Short web captions
┄┄┄┄┄┄

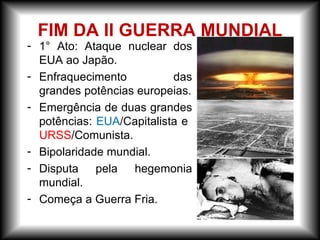 - 1° Ato: Ataque nuclear dos
EUA ao Japão.
- Enfraquecimento das
grandes potências europeias.
- Emergência de duas grandes
potências: EUA/Capitalista e
URSS/Comunista.
- Bipolaridade mundial.
- Disputa pela hegemonia
mundial.
- Começa a Guerra Fria.
FIM DA II GUERRA MUNDIAL
 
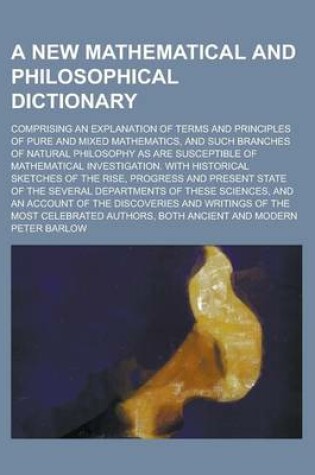 Cover of A New Mathematical and Philosophical Dictionary; Comprising an Explanation of Terms and Principles of Pure and Mixed Mathematics, and Such Branches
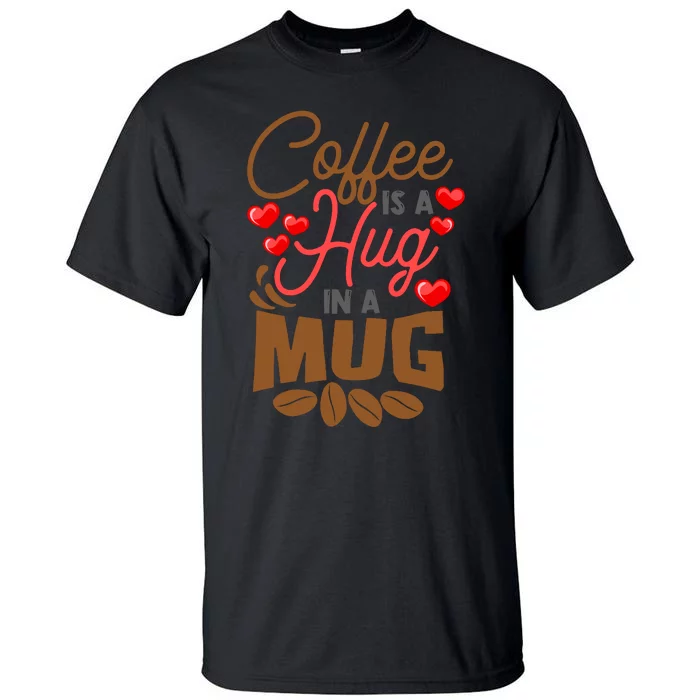 Cute Coffee Is A Hug In Mug Cafe Saying Java Lover Tall T-Shirt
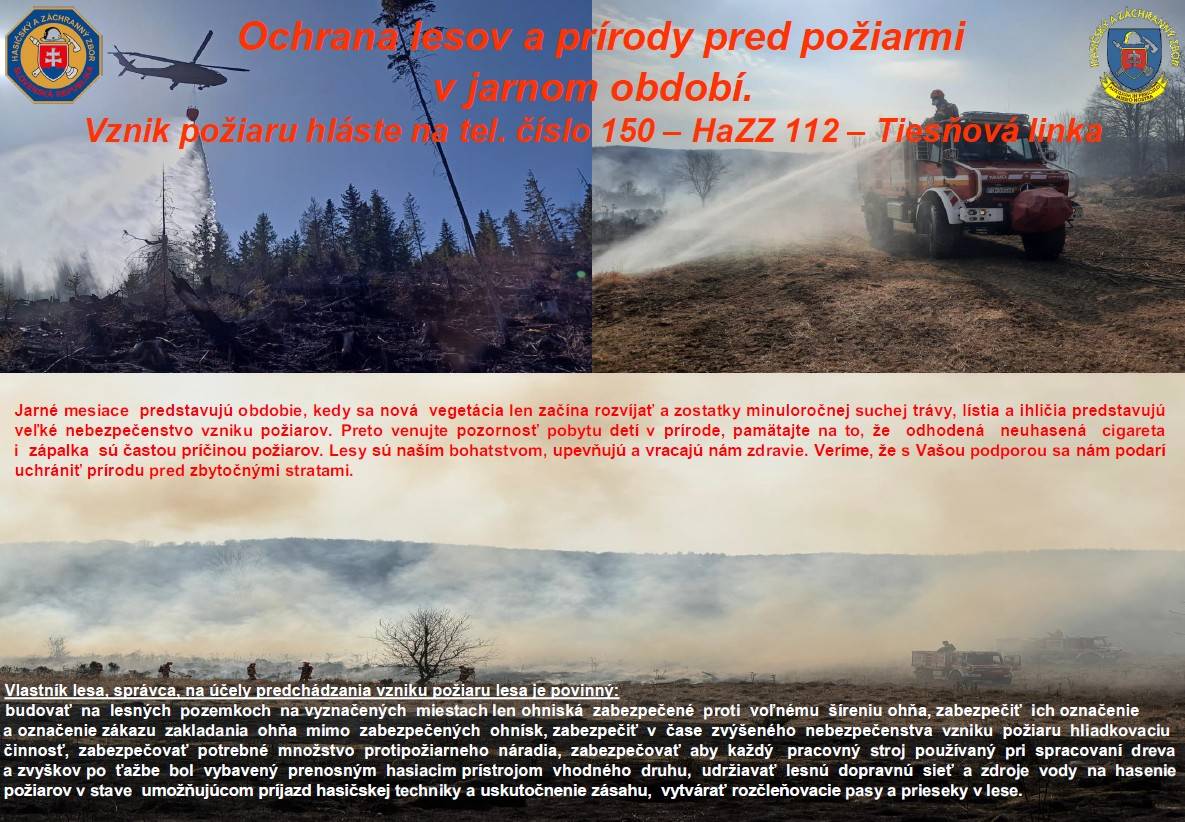Hasičský a záchranný zbor SR upozorňuje na veľké nebezpečenstvo vzniku požiarov a prevenciu.
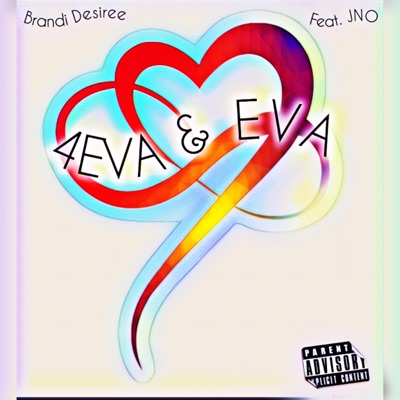 4EVA & EVA (feat. JNO) - Single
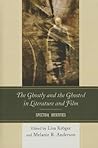 The Ghostly and the Ghosted in Literature and Film: Spectral Identities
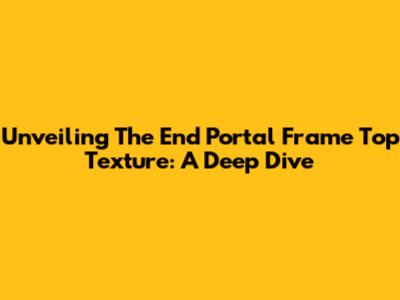 Unveiling The End Portal Frame Top Texture: A Deep Dive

┄┄┄┄┄┄

- _Exercise details_: This exercise calls for a verbatim output of the entries, pictures omitted.

- _Written response_:
 - 1° Ato: Ataque nuclear dos
EUA ao Japão.
- Enfraquecimento das
grandes potências europeias.
- Emergência de duas grandes
potências: EUA/Capitalista e
URSS/Comunista.
- Bipolaridade mundial.
- Disputa pela hegemonia
mundial.
- Começa a Guerra Fria.
FIM DA II GUERRA MUNDIAL
 
 Cover of A New Mathematical and Philosophical Dictionary; Comprising an Explanation of Terms and Principles of Pure and Mixed Mathematics, and Such Branches
 Cute Coffee Is A Hug In Mug Cafe Saying Java Lover Tall T-Shirt
Hasičský a záchranný zbor SR upozorňuje na veľké nebezpečenstvo vzniku požiarov a prevenciu.
 4EVA & EVA (feat. JNO) - Single
 The Ghostly and the Ghosted in Literature and Film: Spectral Identities
 Unveiling The End Portal Frame Top Texture: A Deep Dive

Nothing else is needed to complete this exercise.